Declining Marriage and Divorce in America
While marriages are at an all-time low, the divorce rate has also dropped to a 50-year low.
The number of American couples divorcing has hit its lowest mark in 50 years. “For every 1,000 marriages in the last year, only 14.9 ended in divorce,” according to research released by the Institute for Family Studies, But before popping corks in celebration, one primary factor needs to be noted: fewer Americans than ever are choosing to get married in the first place.
Research director Wendy Wang believes that the divorce rate is expected to continue to drop “despite the pandemic,” and she points to several contributing factors besides fewer marriages. Those include people waiting until they’re older and more financially stable, being more selective in their choice of a spouse, and the fact that a higher percentage of the couples getting married are more likely to be religious.
Sociology professor Philip Cohen says the declining divorce rate is also appearing in younger couples as well. He explains, “The United States is progressing toward a system in which marriage is … more stable than it was in the past,” adding that in marriages from 1980 to 2010, “the odds of divorce in the first decade or two of marriage fell.”
Yet there is one outlier, and that is the divorce rate for older baby boomers. The divorce rate for women ages 55-64 almost tripled between 1990 and 2017, while it doubled for men in the same age demographic. This rate only seems to increase with age, as women 65 and older have increased the divorce rate six times from 1990 to 2017, while men in the same age range have tripled divorce rates.
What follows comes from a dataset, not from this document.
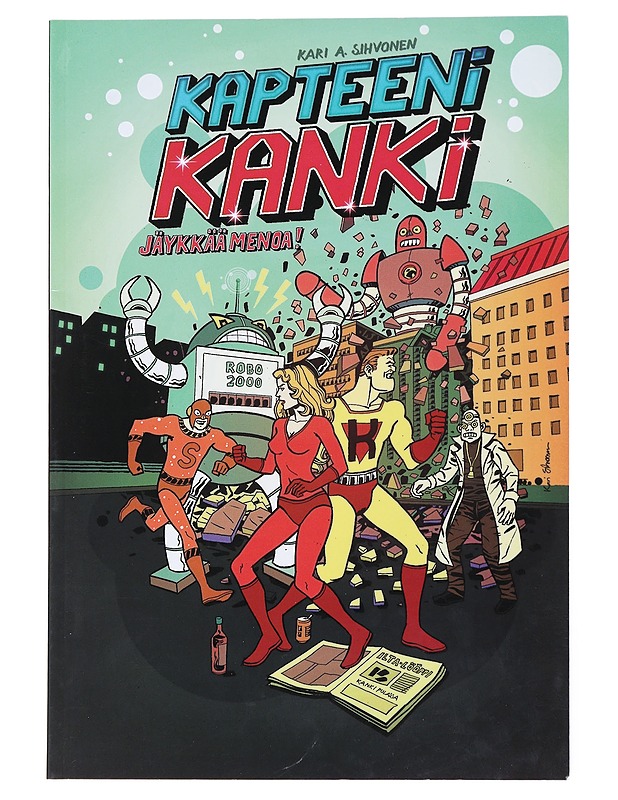 Kapteeni Kanki - Kari A. Sihvonen - Sarjakuvat - 10105525085 - 0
Wang notes a consistent theme among couples with lower rates of divorce across all age demographics: strong religious commitments. “People who are frequent churchgoers are more likely to be married, even after controlling for education and income,” Wang states. “The marital commitment among those couples are high.”
Finally, the COVID-19 silver lining. Interestingly, research indicates that the coronavirus has brought 58% of Americans a greater sense of awareness of and appreciation for their spouse, while roughly half of married couples claim to have experienced a greater contentment in their marriages throughout the pandemic. Researchers W. Bradford Wilcox and Lyman Stone write, “Some 65% of married adults whose financial situation got worse said the pandemic has made them appreciate their spouse more, and 60% said it has also deepened their commitment to their marriage.”
Hopefully, more Americans will come to appreciate and value marriage, which is the essential institution of any healthy society and the foundation for genuine family.